Germany should “exclude the stationing of US nuclear weapons in the future,” demanded in early May Rolf Mützenich, Social Democrat leader in the German Bundestag, prompting a backlash from coalition partners and German foreign minister Heiko Maas.
Mützenich’s plea was largely supported by party leaders, who saw the pacifist drive as a possible trump card for next year’s parliamentary elections, as the party is also opposing the purchase of US-made F-18 fighter planes capable of transporting nuclear warheads, one of the conditions for Germany to maintain its nuclear capacity after 2030.
Richard Grenell, US Ambassador to Germany, accused the German government of not doing its part for NATO’s policy of nuclear deterrence, and the US Embassy issued a statement reminding Berlin that it had pledged to contribute to NATO capabilities and suggesting that “if Germany seeks to be a true power for peace, now is the time for solidarity”.
“Will Germany bear this responsibility, or will it sit back and simply enjoy the economic benefits of security provided by its other Allies?” the statement read.
It was also a reminder of the 2016 Warsaw Declaration in which NATO leaders stated that “the fundamental purpose of NATO’s nuclear capability is to preserve peace, prevent coercion, and deter aggression.”
During the latest debate, German security experts have described the domino effect of the withdrawal of nuclear weapons from Germany.
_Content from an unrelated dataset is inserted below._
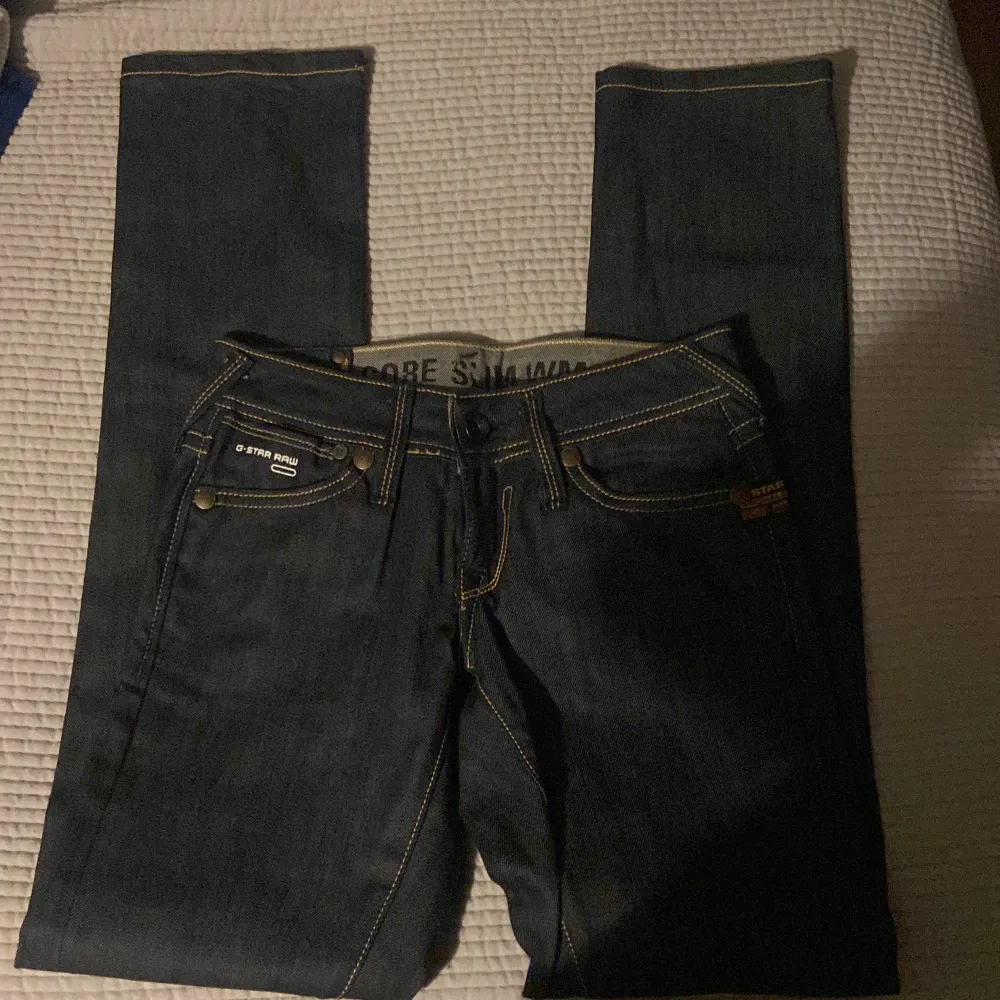 Lågmidjade jeans från g-star i nyskick Säljer för att de inte passade mig men annars så sjukt snygga jeans. Köptes på Plick . Jeans & Byxor.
“Germany can abandon nuclear deterrence. This forces Poland to rethink the issue of nuclear deterrence. And this motivates Russia to intensify its strategy of influence in Central and Eastern Europe. The result: more conflict in the East, Europe weakened,” Ulrich Speck, Senior Visiting Fellow at the German Marshall Fund, commented on Twitter.
Poland as substitute?
US Ambassador to Poland, Georgette Mosbacher, upped the ante and suggested that in the event that Germany should attempt to “reduce its nuclear potential and weaken NATO”, “perhaps Poland, which pays its fair share, understands the risks and is on NATO’s Eastern Flank, could house the capabilities”.
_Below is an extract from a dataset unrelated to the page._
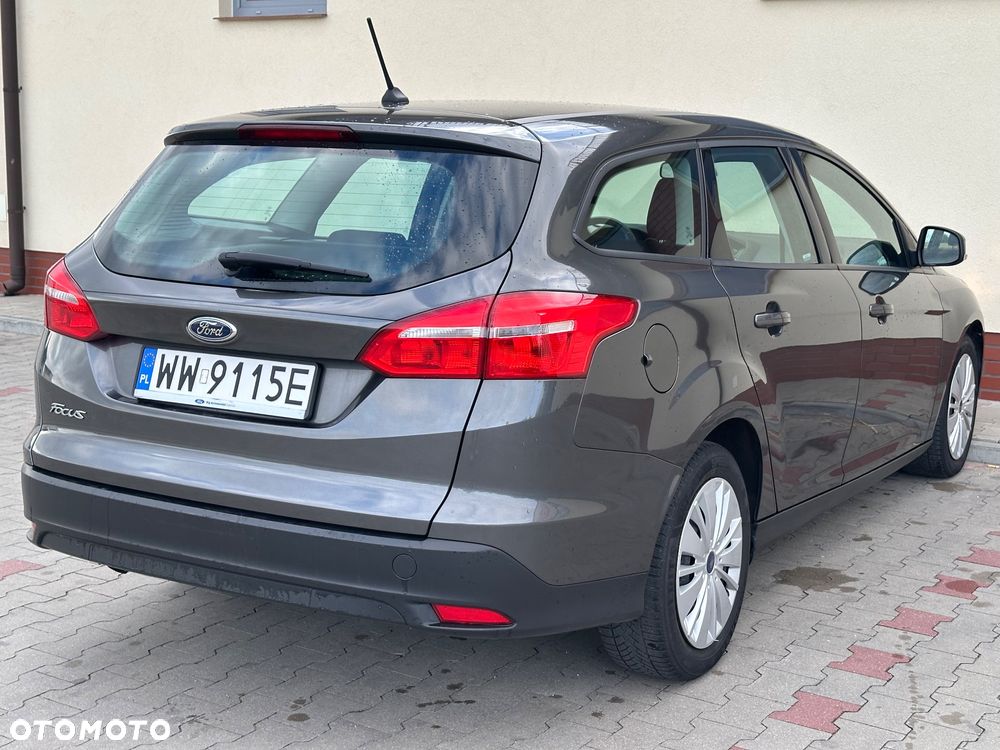 Ford Focus 1.5 TDCi SYNC Edition - 11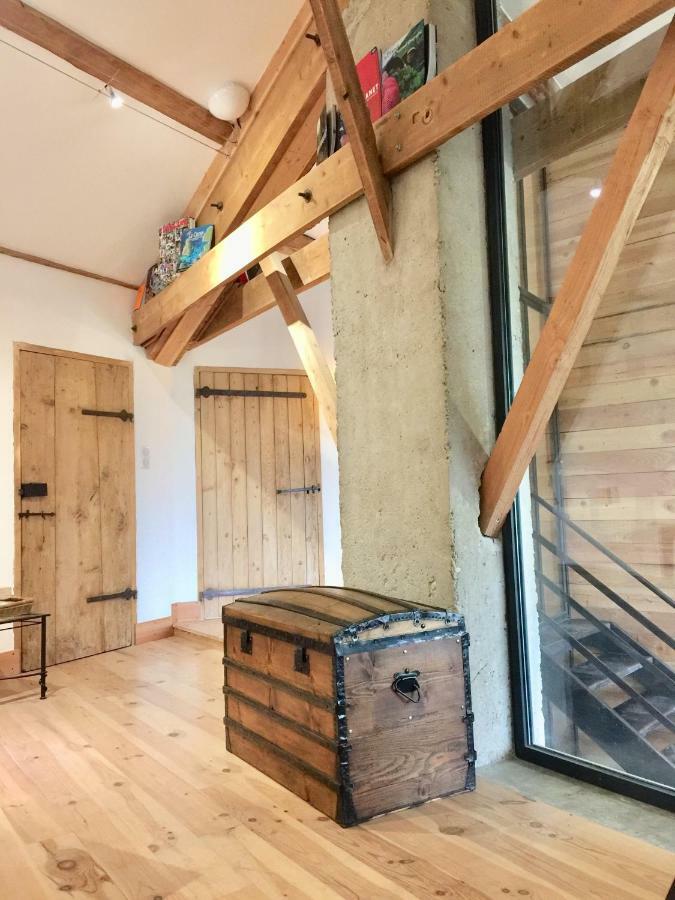Anneyron Magnificent Renovated Farmhouse - 10 Min A7 - 아파트 외부 사진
Although Warsaw has not officially sought such a solution, the possibility has been discussed since December 2015 by the then deputy defence minister and Poland’s current Ambassador to NATO, Tomasz Szatkowski.
However, the relocation of US nuclear weapons to Poland would be “expensive, militarily unwise because it would make the weapons more vulnerable to preemptive attack, unduly provocative, and divisive within NATO,” warned Steven Pifer, former US diplomat in Poland and a current non-resident fellow at Brookings’ Arms Control and Non-Proliferation Initiative.
According to him, such a move would require the construction of a special infrastructure that would ensure the security of the equipment and specially isolated air bunkers that would have to be built in Poland.
It also would make Poland more vulnerable to being targeted and could divide NATO allies, as some members may not agree to transfer nuclear weapons to Poland.
“This was a tweet best not sent. The one thing it does do, however, is give Mr Mützenich a new talking point for removing the bombs from Germany; citing Ambassador Mosbacher, he can claim: “We can send them to Poland,” Pifer concluded.
Russia not amused
Mosbacher’s statement about the possibility of deploying US nuclear weapons in Poland drew a harsh rebuke from Russia’s Ministry of Foreign Affairs.
Russian MFA spokeswoman Maria Zakharova said Mosbacher wants to “talk about the possibility of bringing nuclear weapons and their infrastructure closer to the Russian borders.”
This would constitute “a violation of one of the key provisions” of the 1997 Russia-NATO Founding Act.
The act – a political agreement, not a legally binding treaty— committed NATO to carry out its collective defence and other missions by “ensuring the necessary interoperability, integration, and capability for reinforcement rather than by additional permanent stationing of substantial combat forces” on the territories of the former Warsaw Pact states.
“We hope Washington and Warsaw are aware of the dangerous nature of this kind of expression,” Zakharova said, adding that such declarations “are still exacerbating relations between Russia and NATO, which are already going through a bad time” and “threaten the material basis of European security.”
Instead, security could be strengthened by “taking American warheads back to US territory.”